Give back the exact lines of the material below from the one containing "Fototapeta premium Collection" through the one containing "Frcolor 口紅チューブ 4個セット", and no pictures.

### Supplied material
★ ★ ★ ★
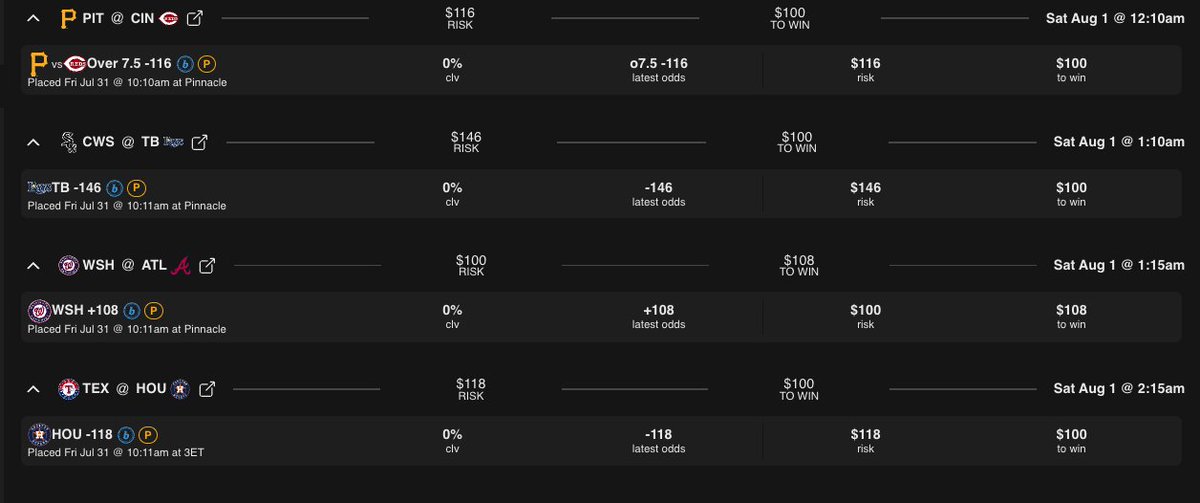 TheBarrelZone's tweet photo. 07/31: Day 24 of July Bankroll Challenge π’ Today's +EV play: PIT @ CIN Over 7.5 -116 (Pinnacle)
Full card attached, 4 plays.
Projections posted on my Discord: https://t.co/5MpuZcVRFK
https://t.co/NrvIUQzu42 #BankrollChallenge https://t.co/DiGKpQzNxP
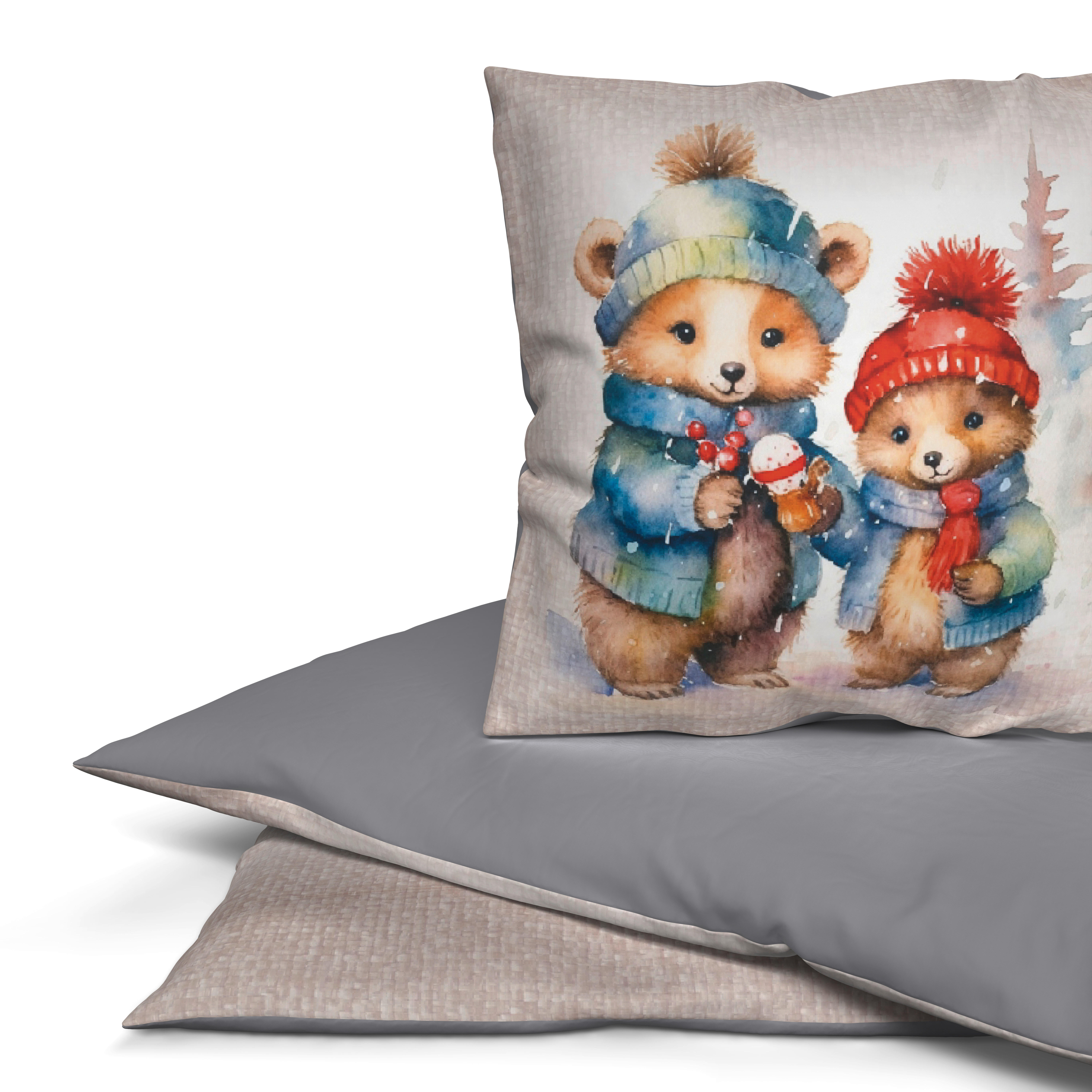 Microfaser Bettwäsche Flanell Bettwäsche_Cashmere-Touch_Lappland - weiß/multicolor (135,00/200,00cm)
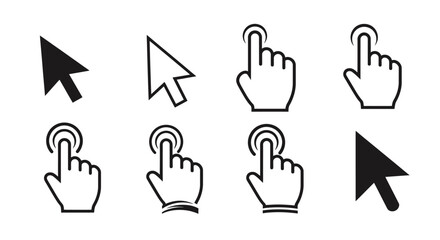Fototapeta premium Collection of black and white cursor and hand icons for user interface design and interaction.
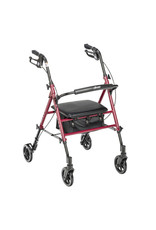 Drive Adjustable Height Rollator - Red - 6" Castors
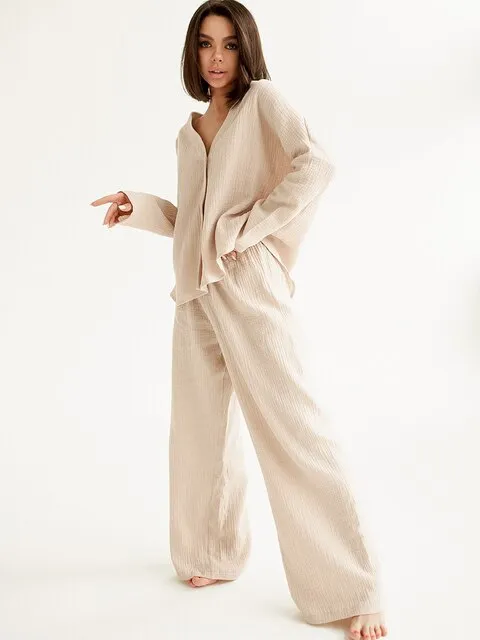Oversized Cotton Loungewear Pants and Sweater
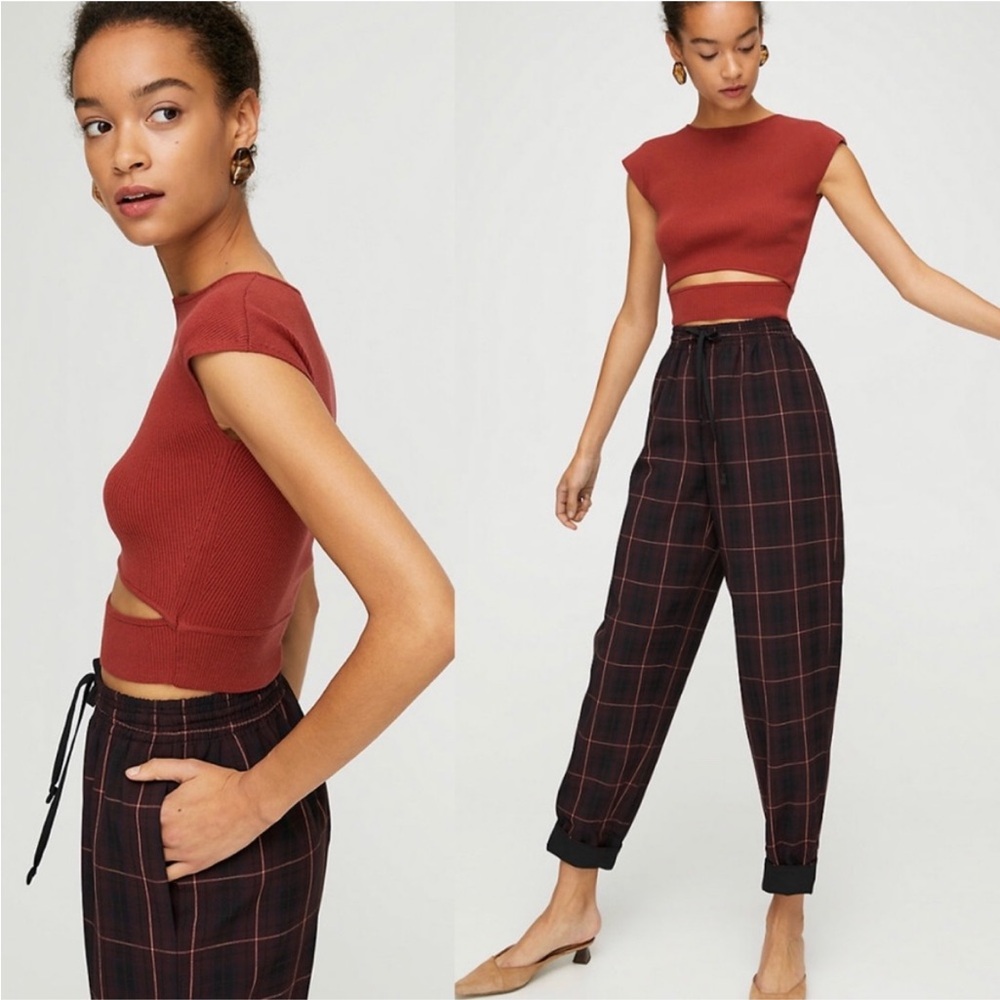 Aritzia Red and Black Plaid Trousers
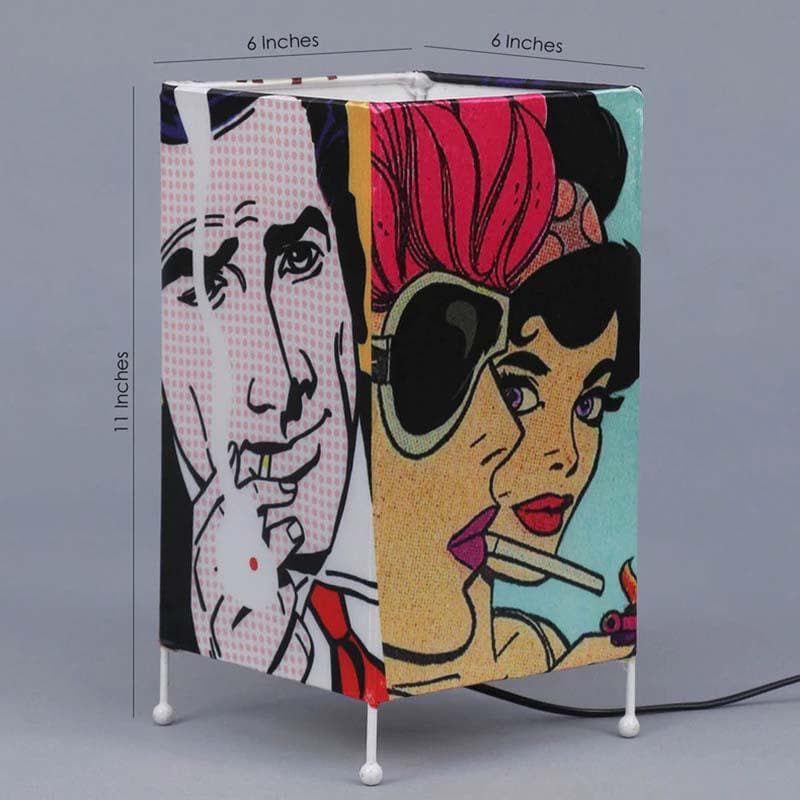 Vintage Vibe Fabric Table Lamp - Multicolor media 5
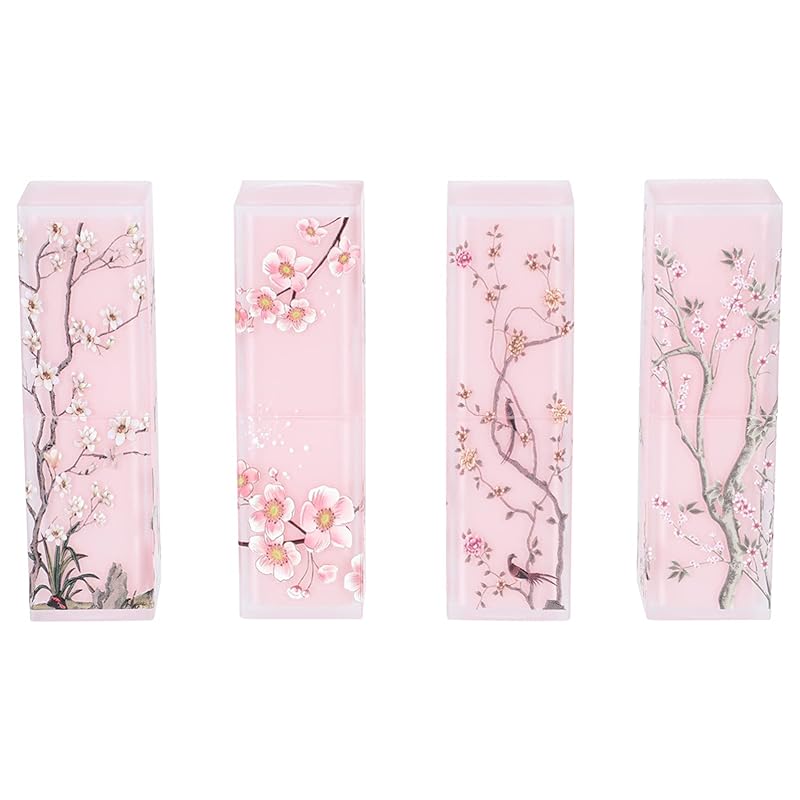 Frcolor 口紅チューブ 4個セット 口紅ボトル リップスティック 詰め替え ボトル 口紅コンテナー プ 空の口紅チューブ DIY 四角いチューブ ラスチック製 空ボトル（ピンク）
★ ★ ★ ★
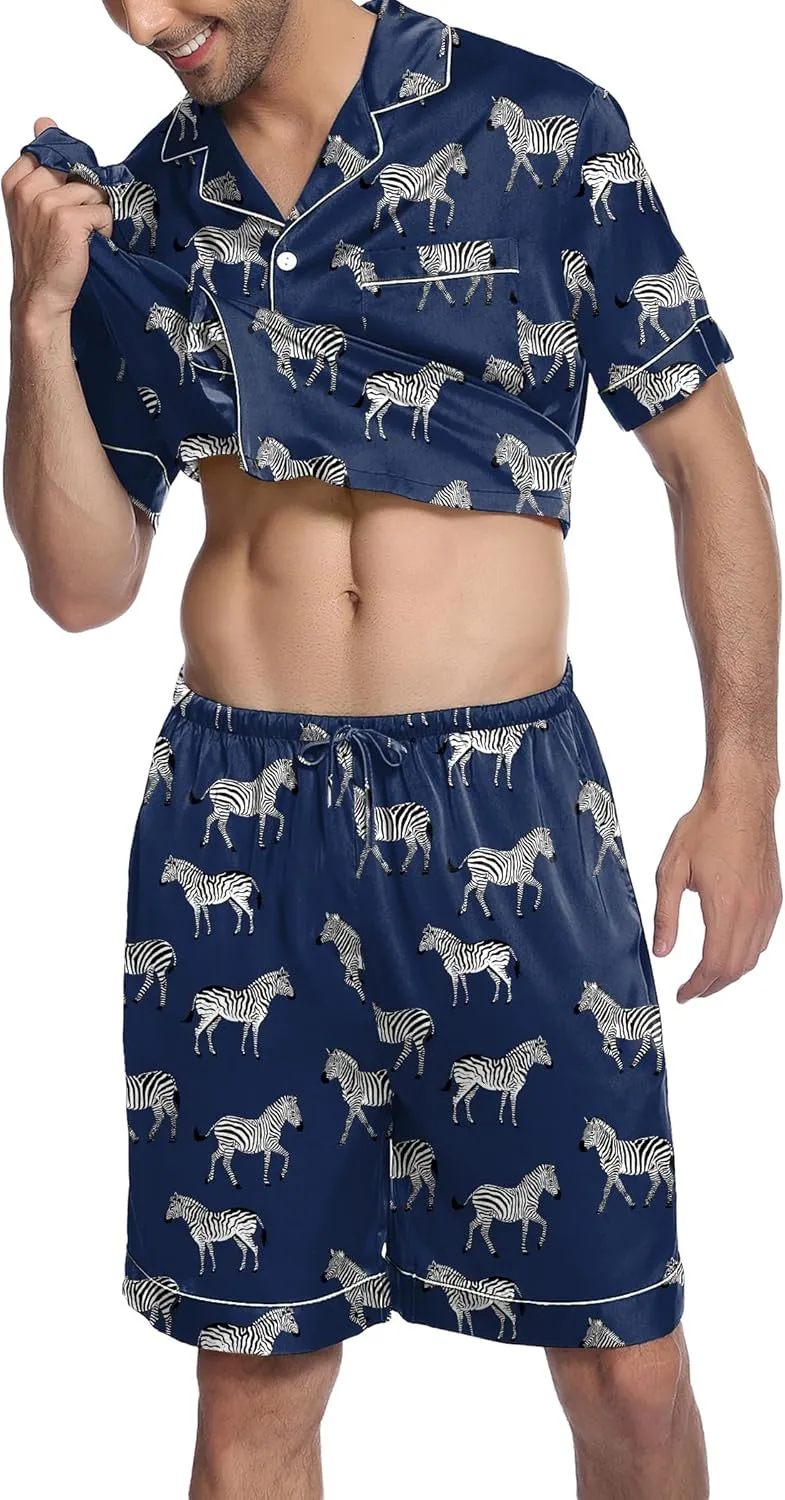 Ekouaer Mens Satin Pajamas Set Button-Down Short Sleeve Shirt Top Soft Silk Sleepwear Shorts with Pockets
★ ★ ★ ★
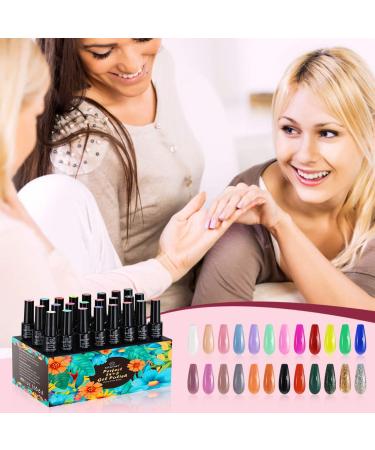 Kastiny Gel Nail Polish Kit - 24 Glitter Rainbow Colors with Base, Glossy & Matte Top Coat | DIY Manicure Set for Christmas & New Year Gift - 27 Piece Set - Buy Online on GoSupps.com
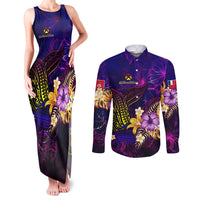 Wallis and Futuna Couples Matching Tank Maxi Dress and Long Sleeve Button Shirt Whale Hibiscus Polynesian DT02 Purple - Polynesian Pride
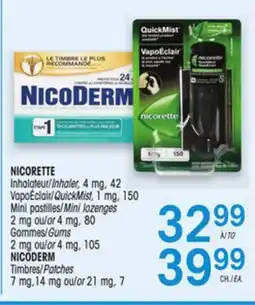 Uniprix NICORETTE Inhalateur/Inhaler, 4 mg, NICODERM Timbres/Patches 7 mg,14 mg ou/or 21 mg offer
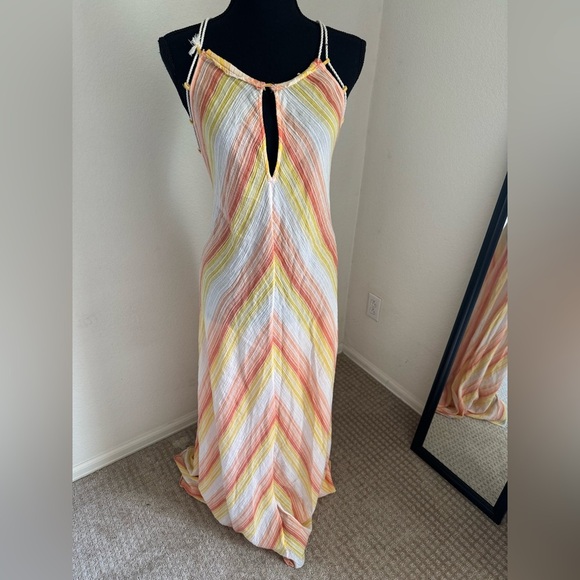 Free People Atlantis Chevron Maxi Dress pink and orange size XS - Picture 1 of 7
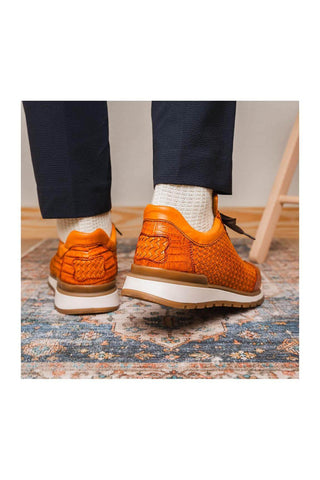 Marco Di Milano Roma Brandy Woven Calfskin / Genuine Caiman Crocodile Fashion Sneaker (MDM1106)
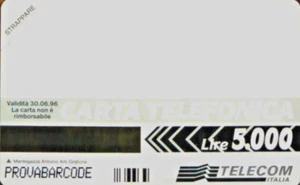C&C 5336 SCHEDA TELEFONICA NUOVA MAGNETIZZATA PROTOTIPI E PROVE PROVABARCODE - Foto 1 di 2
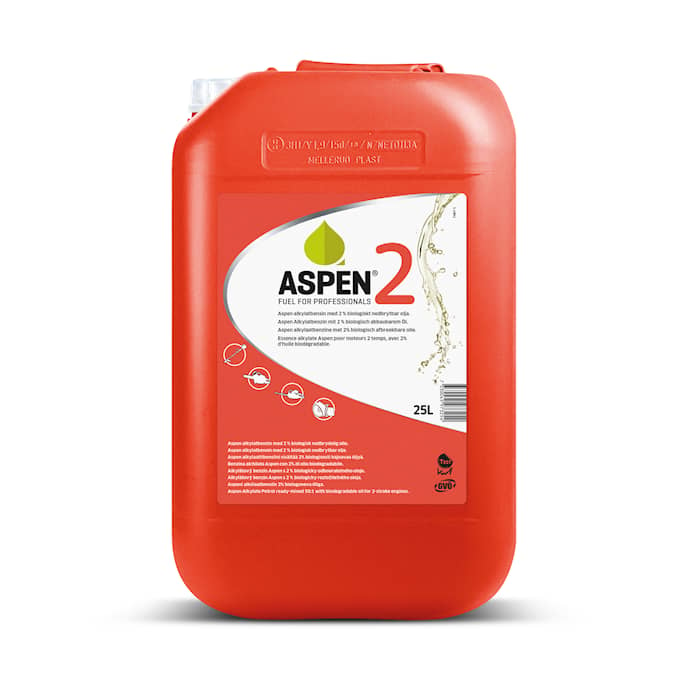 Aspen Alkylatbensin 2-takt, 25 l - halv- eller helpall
★ ★ ★ ★
### Exercise response
Fototapeta premium Collection of black and white cursor and hand icons for user interface design and interaction.
 Drive Adjustable Height Rollator - Red - 6" Castors
Oversized Cotton Loungewear Pants and Sweater
 Aritzia Red and Black Plaid Trousers
 Vintage Vibe Fabric Table Lamp - Multicolor media 5
 Frcolor 口紅チューブ 4個セット 口紅ボトル リップスティック 詰め替え ボトル 口紅コンテナー プ 空の口紅チューブ DIY 四角いチューブ ラスチック製 空ボトル（ピンク）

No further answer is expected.